科学はのちの世から否定されることが普通です。
「太陽が地球のまわりを回っている」を信じている人は今いないですから。


「じゃあ、目の前にいる我が子に必要なのはなに?」には答えてくれませんね。
だって、それは未来だから。
家族が共に歩んできた中で得られた情報、とくにデジタル化できない感覚的な情報をAIは知らない。
「自傷をやめさせたいんだけど」とAIに訊けば、過去の事例や統計から、また医療のガイドラインをもとに「医療機関を受診して」「向精神薬で収まることがあるよ」と言ってくれるかもしれない。
だけど、なぜ、自傷しているのかはわからないし、自傷は生きるために、自分の命を守るための、苦しみから逃れるための対処行動という場合もあります。
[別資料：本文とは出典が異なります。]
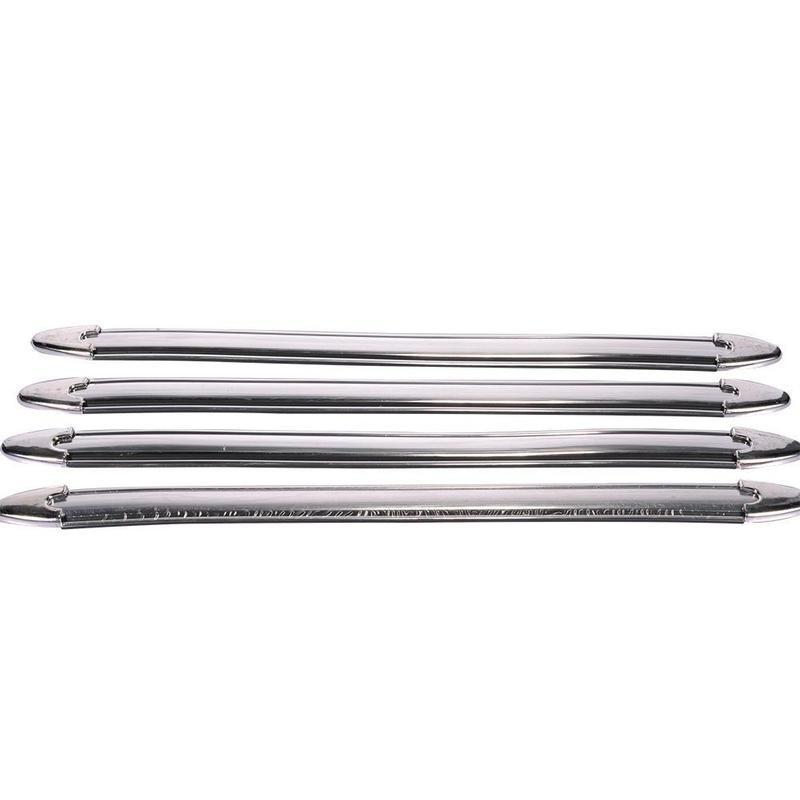 4 Stück Auto Antikollisionsstreifen Stoßstangenschutz Auto Crash Bar Anti-Rub Bar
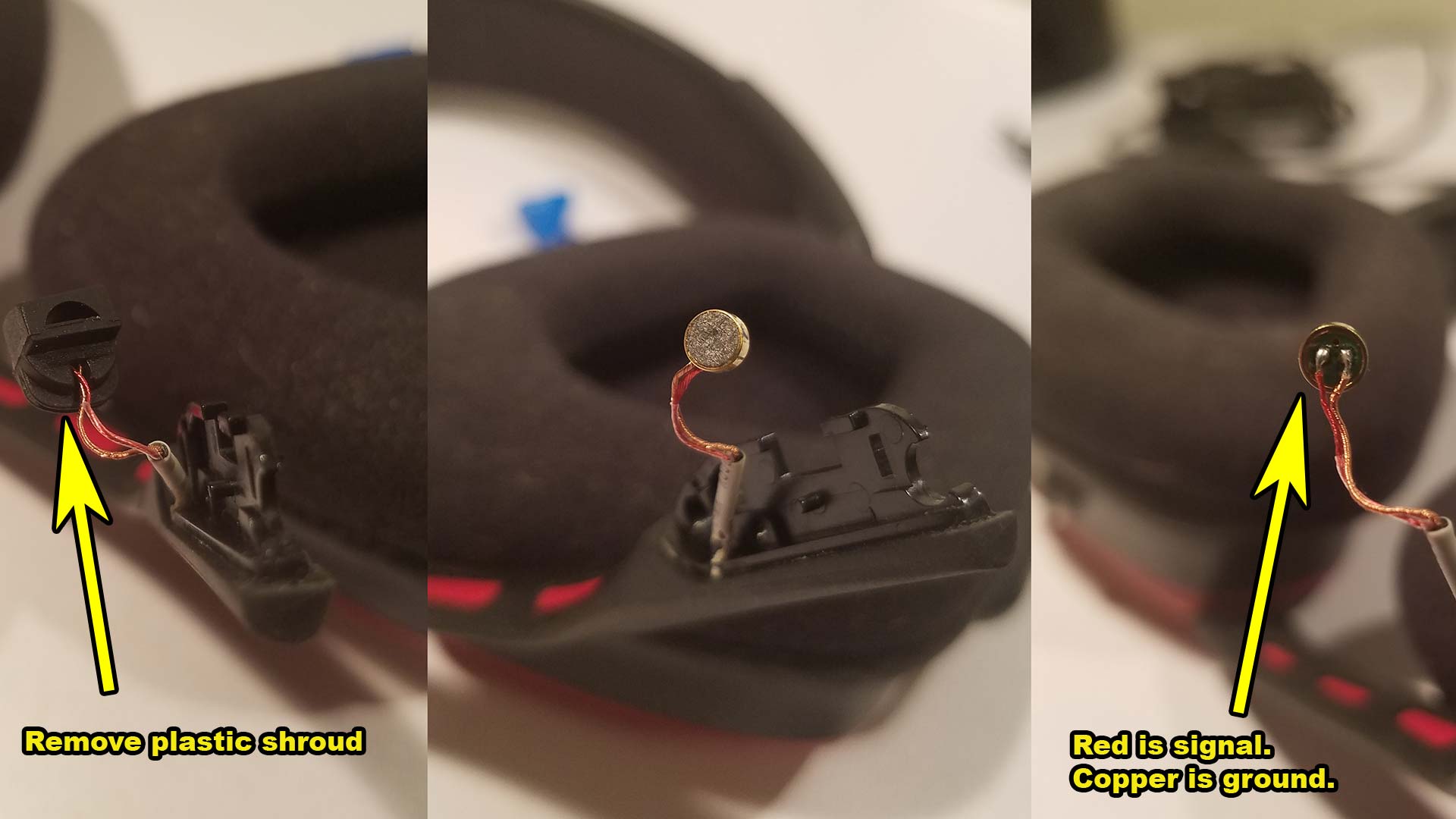 Corsair Void Microphone Repair - Removing the old Electric Microphone.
AIに生き抜くために自分の身を傷つけるという複雑な心境がわかるでしょうか。
これがわかるのは人間だし、共に生きてきた家族です。


デジタル化、AI化が進めば、私は人間らしさが戻ってくると思っています。
感情をシャットダウンし、流れ作業的な、まさにロボット化している人間とその仕事がなくなっていく。
診断基準にチェックを入れる仕事も、診断名に該当する薬を処方をする仕事は確実に要らなくなる(笑)
反対に子どもの小さな変化、ノンバーバルな発信に気付ける人、一緒に成長しようと関わる人が重宝されるでしょう。
いろんな体験をさせてくれる人も大事だし、いろんな技術を教えてくれる人も大事。
デジタル情報から生きる知恵をもう一度。
こう考えると、ひと昔前のような人間同士が泣き笑い、ともに生活を営んでいくような社会に戻っていくかもしれませんね。
そんな未来がやってくれば、今のように発達の遅れや違いが気にならず、それぞれの資質を活かした社会とのつながりができるはずです。